Due in part to overcrowding, a civil war broke out between the amaNgqika (Ngqika Xhosa) and the amaGcaleka (Gcaleka Xhosa). As the Cape had signed a defence treaty with Ngqika, it was legally required to respond to Ngqika's request for military assistance in 1818. Stockenström was thus ordered to lead his commando, as an ally of Ngqika, against Ndlambe's amaGcaleka.

After swiftly intercepting and defeating the Gcaleka army, he withdrew his commando and stationed his Graaff-Reinet burghers to defend the left flank at the Kat River. However, after the Cape withdrawal, the amaGcaleka regrouped in 1819 and this time invaded the Cape Colony itself, attacking Grahamstown.

Stockenström thus took to the field again. He was first ordered to position his Graaff-Reinet commando to meet any attack across the northern section of the frontier. Then while the Cape, Stellenbosch and Swellendam commandos advanced against the main amaGcaleka army, Stockenström's Graaff-Reinet commando was ordered to clear insurgents from the dense bush in the Fish River area – previously regarded as impenetrable. After successfully implementing this supposedly impossible campaign, Stockenström was promoted to captain in the Cape Regiment.

The war ended in October 1819, when Gcaleka agreed to recognise Ngqika's independent leadership of the Western Xhosa, and the area between the Keiskamma and Fish rivers was declared a neutral zone, closed off from both black and white settlement.

From about this period, Stockenström's relationship with Governor Lord Charles Somerset declined, in part because of his "outspoken criticism of Somerset’s frontier policy or his refusal to allow the settlement of the 1820 Settlers in his district and his opposition to their location on the frontier", Duminy suggests, and in part because of a quarrel with the Governor's son, Col. Henry Somerset. In addition, Stockenström was friendly with Acting Governor Sir Rufane Donkin, and since Grahamstown editor Robert Godlonton was a staunch supporter of Col. Somerset, this "meant that the remainder of his public career was characterized by personal and political feuds".

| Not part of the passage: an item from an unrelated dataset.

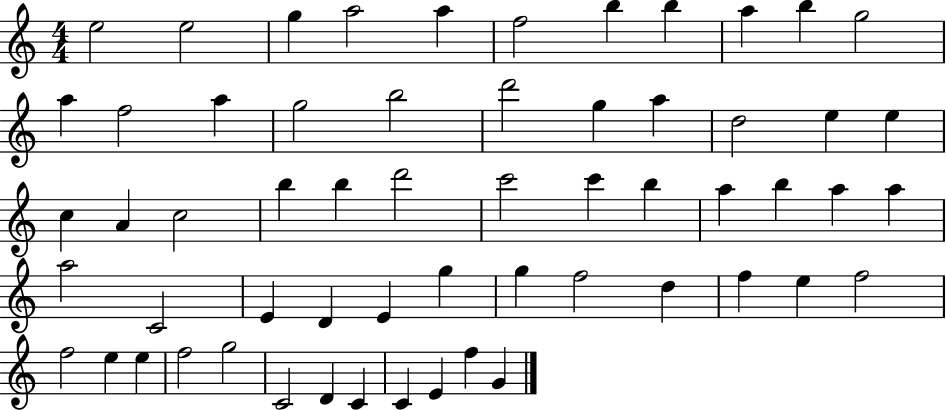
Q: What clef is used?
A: treble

His military career ended in July 1820 when he was transferred to the Corsican Rangers.
The Graaff-Reinet district's involvement with the frontier was also reduced by the creation in 1821 of the separate district of Albany (out of Uitenhage) and in 1826 of the district of Somerset East (out of Graaff-Reinet). However Stockenström remained landdrost until the reform of 1828 which abolished his office.

In his final year as landdrost, he played a significant role in the Cape by lobbying for Ordinance 50 (1828) to grant the right to own land to the Khoikhoi and all other free black inhabitants of the Cape. A project that led to his later establishing of the Kat River Khoi Settlement.

===Commissioner-General for the Eastern Province (1829-1833)===

In 1827 the Council of Advice was enlarged to include two unofficial members, and in June that year Stockenström was appointed to fill one of these positions.
Early in 1829 Major-General Richard Bourke, who had arrived in the colony in 1826 as lieutenant-governor of the Eastern Province, but instead became acting governor when Lord Charles Somerset departed, appointed Stockenström to the new post of commissioner-general for the Eastern Province.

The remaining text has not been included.